-- INFORMATION PROVIDED follows --

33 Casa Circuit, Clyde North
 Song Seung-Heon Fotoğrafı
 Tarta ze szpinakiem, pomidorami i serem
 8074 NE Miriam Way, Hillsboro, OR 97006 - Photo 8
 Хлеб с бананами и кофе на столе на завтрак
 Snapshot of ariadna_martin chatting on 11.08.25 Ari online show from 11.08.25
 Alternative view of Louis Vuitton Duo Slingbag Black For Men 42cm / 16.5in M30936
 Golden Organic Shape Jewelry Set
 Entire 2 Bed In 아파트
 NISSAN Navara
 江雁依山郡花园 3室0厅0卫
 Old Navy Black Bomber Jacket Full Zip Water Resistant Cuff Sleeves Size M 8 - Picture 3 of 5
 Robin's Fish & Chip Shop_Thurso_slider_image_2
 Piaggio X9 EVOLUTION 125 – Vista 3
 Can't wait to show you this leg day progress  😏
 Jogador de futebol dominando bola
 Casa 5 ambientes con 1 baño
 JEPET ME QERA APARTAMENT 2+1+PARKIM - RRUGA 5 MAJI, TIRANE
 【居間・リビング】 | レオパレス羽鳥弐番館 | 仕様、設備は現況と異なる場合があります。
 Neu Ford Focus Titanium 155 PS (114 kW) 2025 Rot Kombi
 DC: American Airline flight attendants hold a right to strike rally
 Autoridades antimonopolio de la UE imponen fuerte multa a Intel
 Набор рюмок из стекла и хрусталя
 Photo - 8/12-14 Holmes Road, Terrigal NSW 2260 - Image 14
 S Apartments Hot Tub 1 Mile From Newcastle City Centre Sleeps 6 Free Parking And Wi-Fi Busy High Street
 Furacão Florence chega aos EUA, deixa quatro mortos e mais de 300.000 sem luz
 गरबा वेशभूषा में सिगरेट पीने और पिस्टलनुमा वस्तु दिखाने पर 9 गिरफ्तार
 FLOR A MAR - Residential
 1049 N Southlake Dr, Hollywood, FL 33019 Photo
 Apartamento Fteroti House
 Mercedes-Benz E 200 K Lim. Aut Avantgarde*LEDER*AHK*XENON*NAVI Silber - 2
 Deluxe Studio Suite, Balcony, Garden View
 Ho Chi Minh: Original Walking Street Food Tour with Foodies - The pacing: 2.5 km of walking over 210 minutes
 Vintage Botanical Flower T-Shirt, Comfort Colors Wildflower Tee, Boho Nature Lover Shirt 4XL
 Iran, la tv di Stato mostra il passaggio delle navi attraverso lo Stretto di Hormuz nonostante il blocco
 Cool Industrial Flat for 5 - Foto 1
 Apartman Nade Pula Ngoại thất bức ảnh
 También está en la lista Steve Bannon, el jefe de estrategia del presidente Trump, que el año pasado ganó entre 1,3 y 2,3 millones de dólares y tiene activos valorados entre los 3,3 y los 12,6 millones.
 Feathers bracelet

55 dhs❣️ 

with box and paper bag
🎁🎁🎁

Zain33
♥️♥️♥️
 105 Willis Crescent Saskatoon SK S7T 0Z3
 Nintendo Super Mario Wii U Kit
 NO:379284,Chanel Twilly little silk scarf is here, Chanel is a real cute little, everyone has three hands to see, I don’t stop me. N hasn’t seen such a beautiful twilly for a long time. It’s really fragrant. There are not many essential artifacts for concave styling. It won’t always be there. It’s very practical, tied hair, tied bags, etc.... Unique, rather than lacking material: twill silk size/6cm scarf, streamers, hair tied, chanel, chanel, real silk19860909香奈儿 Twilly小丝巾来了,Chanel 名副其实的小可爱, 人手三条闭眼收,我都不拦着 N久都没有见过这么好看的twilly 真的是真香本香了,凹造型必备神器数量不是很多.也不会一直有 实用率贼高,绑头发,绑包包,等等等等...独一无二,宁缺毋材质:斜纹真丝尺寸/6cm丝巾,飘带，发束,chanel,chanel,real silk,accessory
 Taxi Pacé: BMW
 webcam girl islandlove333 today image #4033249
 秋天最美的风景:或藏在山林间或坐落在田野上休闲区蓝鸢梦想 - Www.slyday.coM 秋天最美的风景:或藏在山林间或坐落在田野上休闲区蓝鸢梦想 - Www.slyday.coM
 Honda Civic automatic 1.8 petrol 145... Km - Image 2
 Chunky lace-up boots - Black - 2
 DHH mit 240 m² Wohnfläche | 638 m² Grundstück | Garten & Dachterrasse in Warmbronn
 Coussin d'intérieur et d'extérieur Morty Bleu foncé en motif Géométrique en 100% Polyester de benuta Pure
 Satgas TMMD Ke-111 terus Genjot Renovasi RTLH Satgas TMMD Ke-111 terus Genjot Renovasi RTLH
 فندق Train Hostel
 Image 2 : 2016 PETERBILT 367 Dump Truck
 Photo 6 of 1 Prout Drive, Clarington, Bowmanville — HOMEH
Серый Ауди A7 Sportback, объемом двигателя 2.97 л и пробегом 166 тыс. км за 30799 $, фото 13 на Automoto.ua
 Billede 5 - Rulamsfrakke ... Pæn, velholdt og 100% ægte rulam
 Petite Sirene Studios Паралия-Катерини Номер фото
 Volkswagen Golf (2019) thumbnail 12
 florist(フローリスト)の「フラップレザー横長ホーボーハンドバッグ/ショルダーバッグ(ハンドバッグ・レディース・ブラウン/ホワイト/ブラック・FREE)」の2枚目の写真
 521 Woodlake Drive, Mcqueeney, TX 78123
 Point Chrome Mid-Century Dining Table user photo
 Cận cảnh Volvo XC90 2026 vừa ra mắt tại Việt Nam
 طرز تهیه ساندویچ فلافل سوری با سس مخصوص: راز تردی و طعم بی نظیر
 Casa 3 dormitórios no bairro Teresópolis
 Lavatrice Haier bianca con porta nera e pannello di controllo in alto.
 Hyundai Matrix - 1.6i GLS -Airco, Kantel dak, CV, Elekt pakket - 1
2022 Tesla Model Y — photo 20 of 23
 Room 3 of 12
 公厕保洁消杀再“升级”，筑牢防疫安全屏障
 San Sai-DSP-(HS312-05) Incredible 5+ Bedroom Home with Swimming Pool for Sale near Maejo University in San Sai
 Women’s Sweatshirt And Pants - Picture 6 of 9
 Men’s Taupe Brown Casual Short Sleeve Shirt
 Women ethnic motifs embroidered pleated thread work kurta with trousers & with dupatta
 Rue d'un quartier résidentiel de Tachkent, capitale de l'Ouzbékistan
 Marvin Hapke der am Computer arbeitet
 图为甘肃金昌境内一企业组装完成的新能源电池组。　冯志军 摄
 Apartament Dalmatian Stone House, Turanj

-- INFORMATION PROVIDED concluded --

▶ [TASK TO CARRY OUT]: Above are the records. Print exactly, and only, the lines from the line with "Chunky lace-up boots - Black - 2" to the line with "Photo 6 of 1", both inclusive.

▶ [RESULT]:
 Chunky lace-up boots - Black - 2
 DHH mit 240 m² Wohnfläche | 638 m² Grundstück | Garten & Dachterrasse in Warmbronn
 Coussin d'intérieur et d'extérieur Morty Bleu foncé en motif Géométrique en 100% Polyester de benuta Pure
 Satgas TMMD Ke-111 terus Genjot Renovasi RTLH Satgas TMMD Ke-111 terus Genjot Renovasi RTLH
 فندق Train Hostel
 Image 2 : 2016 PETERBILT 367 Dump Truck
 Photo 6 of 1 Prout Drive, Clarington, Bowmanville — HOMEH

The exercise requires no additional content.